良いフィット感のためなら、妥協はしません!
Shetland Fox・KENSINGTONシリーズの内羽根式ストレートチップです。一見何気ない顔つきですが、設計はインポートシューズ以上に凝りに凝りまくっています。ムラ感がむしろ艶やかに見える、イタリア・イルチア社のカーフも魅力的! |
最初にご紹介したいのは、やはりこのブランドのフラッグシップであるKENSINGTONシリーズでしょう。

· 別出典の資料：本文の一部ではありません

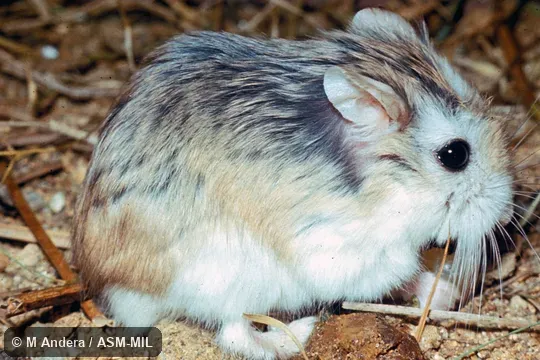 Side view of captive.  Also as Roborowski's Hamster.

ご覧のとおり、一見極々普通の「伝統的ないい靴」的な顔立ちですが、実力はその期待をある意味心地よく裏切る、大変進歩的なものです。
「ファクトリーである程度の数を製造する靴として、技術と美観をどこまで極めることができるか」
を徹底的に追求したシリーズと言え、この品質でインポート品ですと恐らく10万円近辺の価格設定にならざるを得ないのではないでしょうか?
例えば快適な履き心地に繋がる「深い絞り込み」を土踏まず部の内くるぶし側だけでなく外くるぶし側にも出すため、このシリーズでは底付けの製法を「前半分グッドイヤー・ウェルテッド、後半分マッケイ」と手の込んだハイブリッド状態にしたのが特筆すべき点です。マッケイ製法を採用した部分はウェルトも中底のリブも付けなくて済むので、そのエリアの底面を結果的に薄くでき、単にフィット感だけでなく軽量化と見栄えの向上にも貢献しています。また、底の表面からは縫い糸が見ない「伏せ縫い」状態になっているものの、この靴はもちろん純正のオールソールリペアが可能ですのでご安心あれ!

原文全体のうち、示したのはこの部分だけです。